| Entries shown |

################

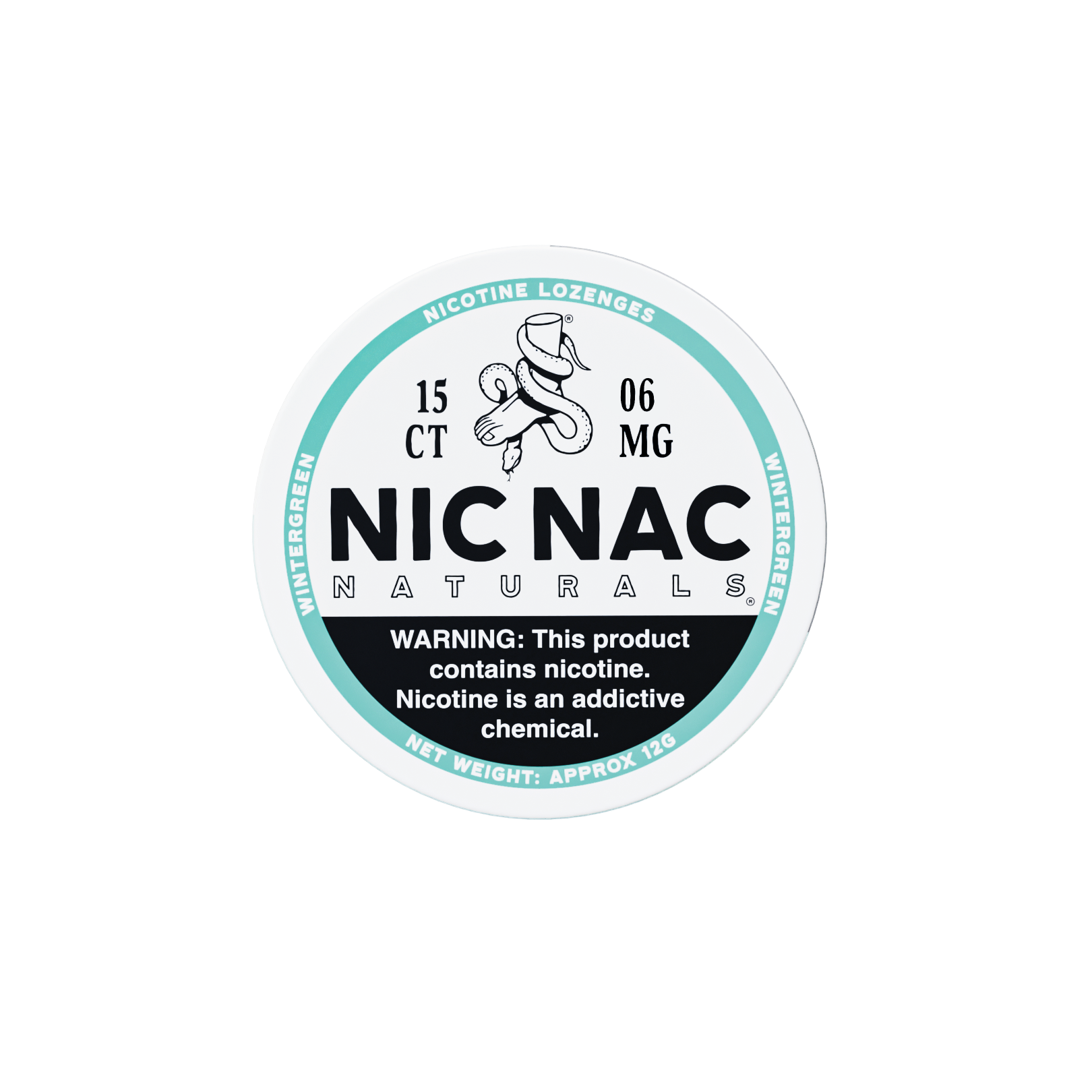 NIC NAC Wintergreen 6mg nicotine lozenges tin. Tobacco-free lozenges for a clean, refreshing taste in the UK.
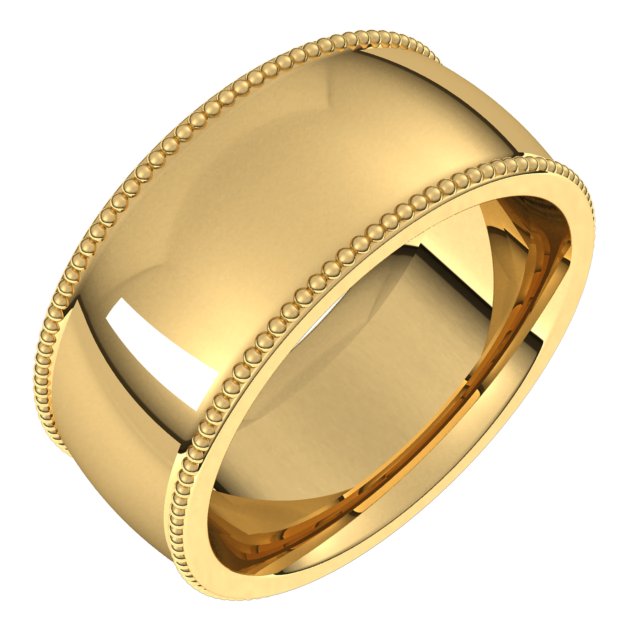 Beaded Comfort-Fit Half Round Band
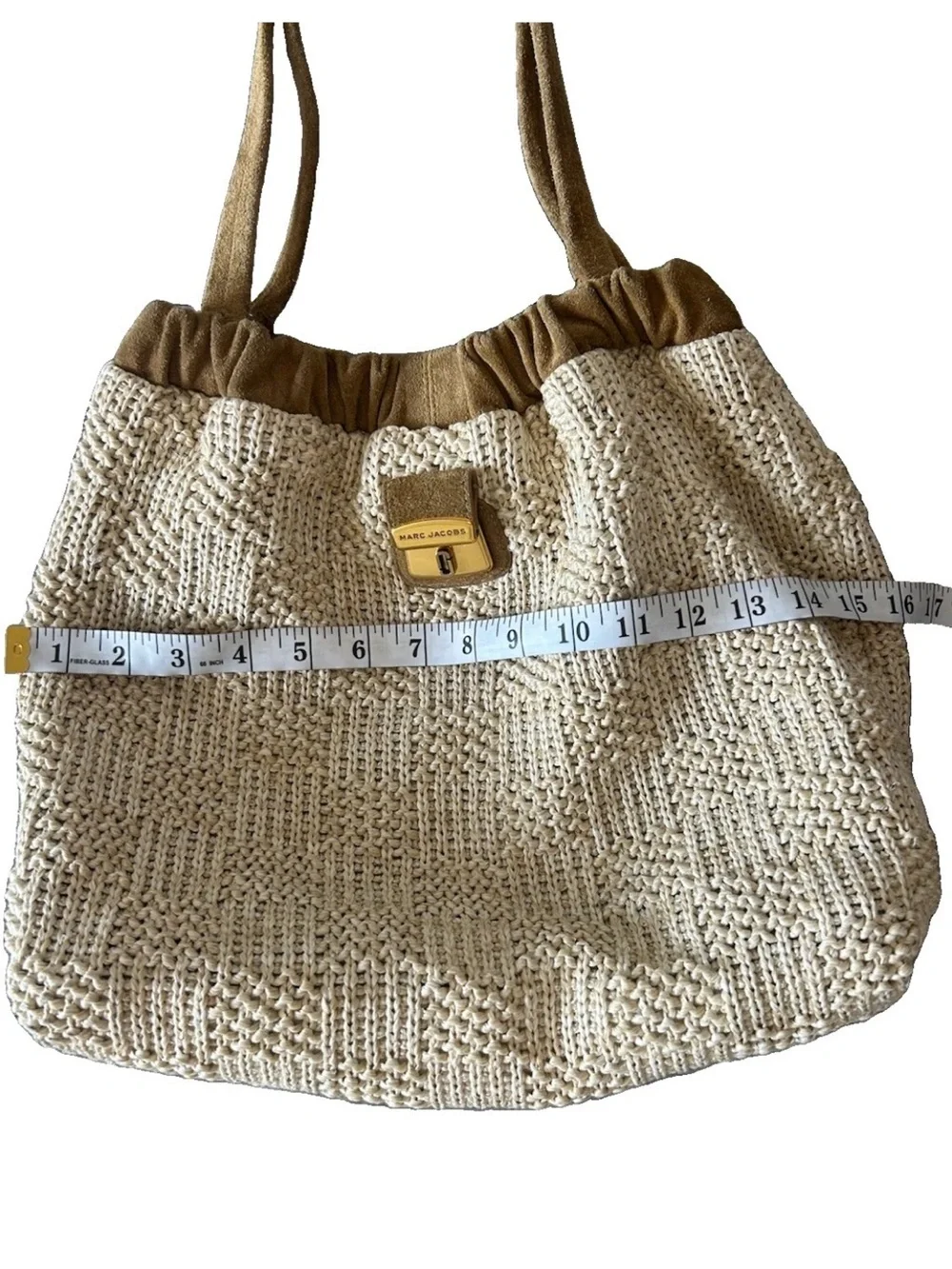 Marc Jacobs Summer Woven Cristina Tote Natural Raffia Suede Shoulder Bag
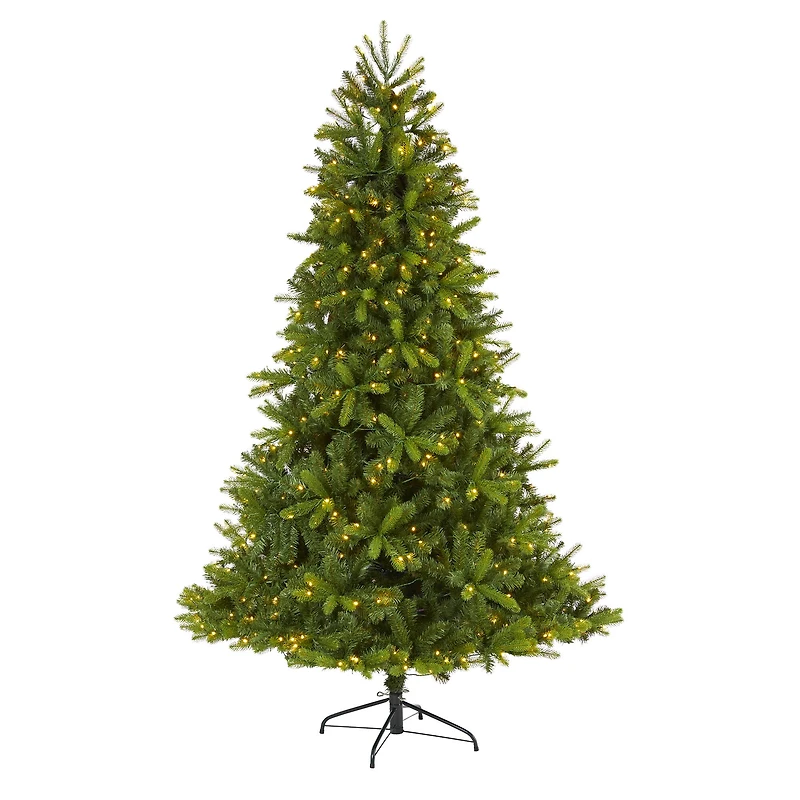 7ft. Pre-Lit New Haven Spruce Artificial Christmas Tree, Clear LED Lights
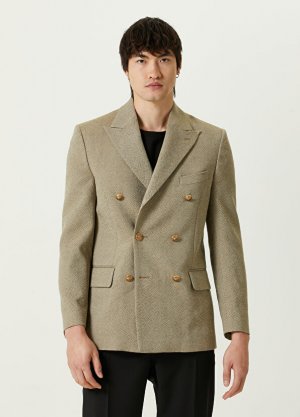 Бежевая куртка из шерсти с микро-узором Golden Goose. Цвет: бежевый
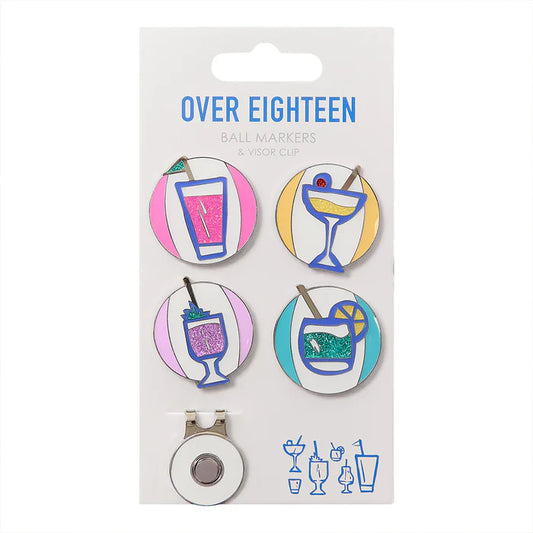 Ball Marker & Visor Clip Set in Over Eighteen Boozy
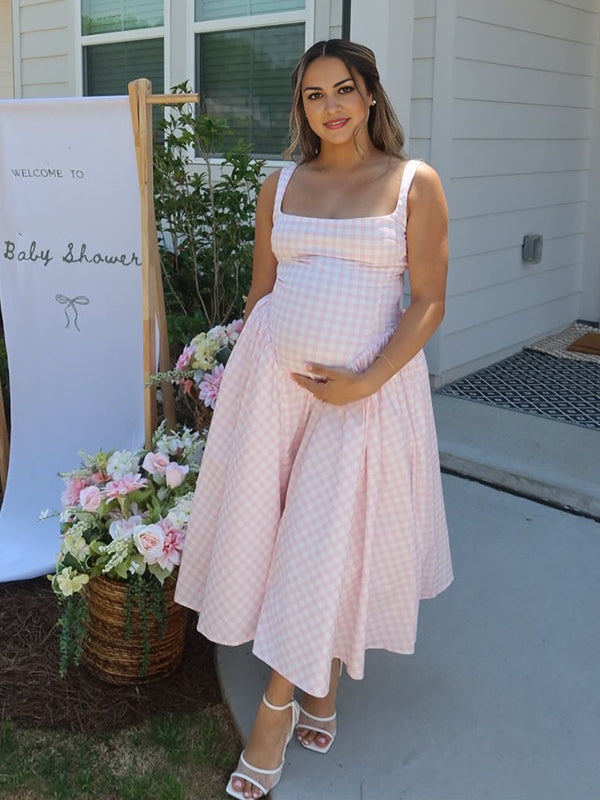 Momsmood Plaid Tank A-line Elegant Maternity Baby Shower Maxi Dress
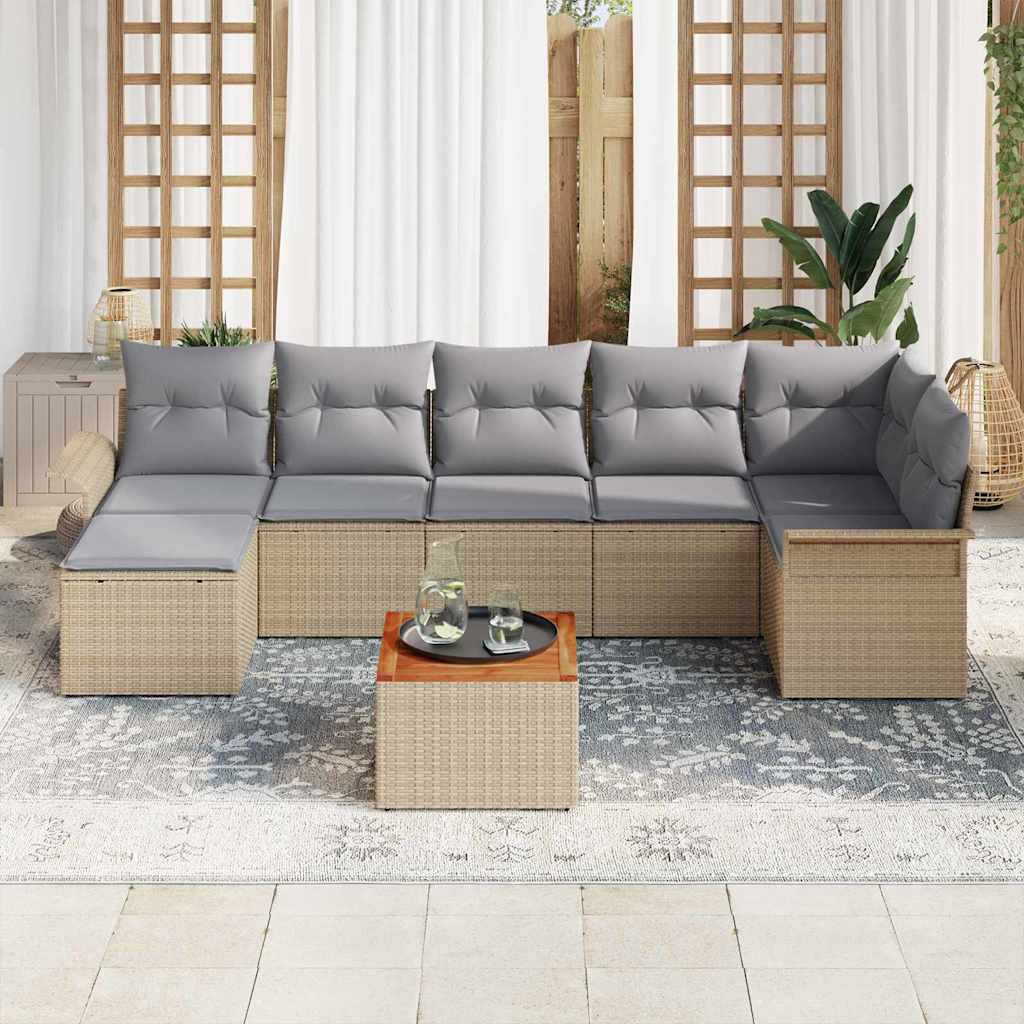 Gartensofa-set mit Kissen 8 pcs Beige Poly-Rattan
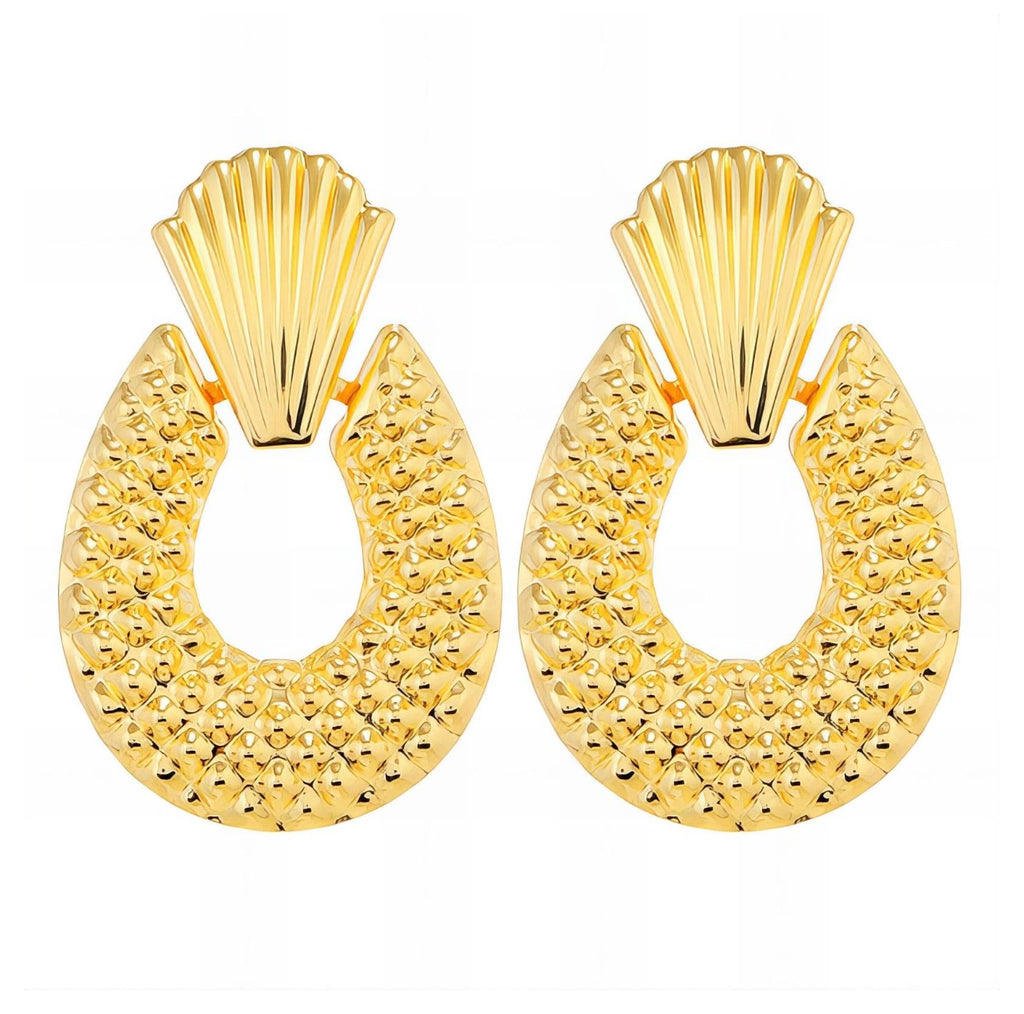 EARRINGS, 18K GOLD PLATED STEEL
 89393-0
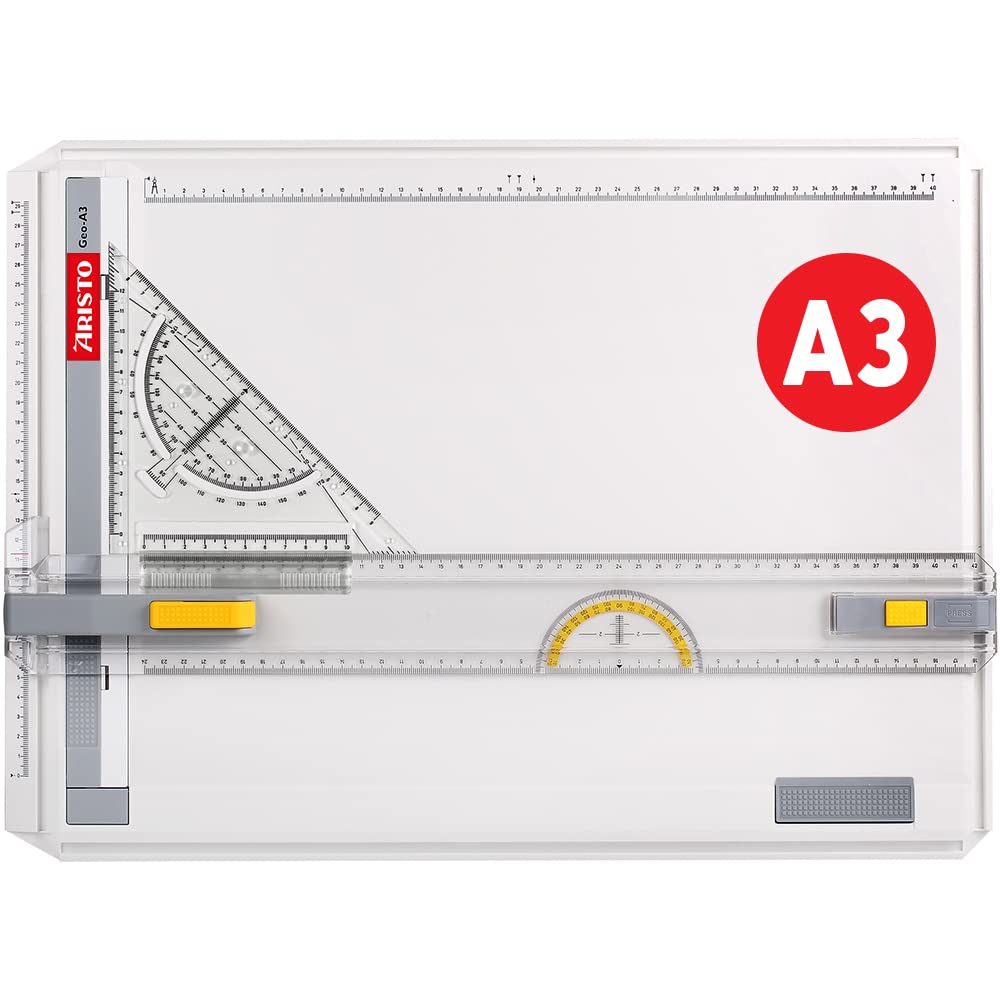 Aristo AR7033 Geo-Board Zeichenplatte (Format: A3, schlagfester Kunststoff, inkl. Schnellzeichendrei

################

Restate the listing above word for word. Leave the images out.

 NIC NAC Wintergreen 6mg nicotine lozenges tin. Tobacco-free lozenges for a clean, refreshing taste in the UK.
 Beaded Comfort-Fit Half Round Band
 Marc Jacobs Summer Woven Cristina Tote Natural Raffia Suede Shoulder Bag
 7ft. Pre-Lit New Haven Spruce Artificial Christmas Tree, Clear LED Lights
 Бежевая куртка из шерсти с микро-узором Golden Goose. Цвет: бежевый
 Ball Marker & Visor Clip Set in Over Eighteen Boozy
 Momsmood Plaid Tank A-line Elegant Maternity Baby Shower Maxi Dress
 Gartensofa-set mit Kissen 8 pcs Beige Poly-Rattan
 EARRINGS, 18K GOLD PLATED STEEL
 89393-0
 Aristo AR7033 Geo-Board Zeichenplatte (Format: A3, schlagfester Kunststoff, inkl. Schnellzeichendrei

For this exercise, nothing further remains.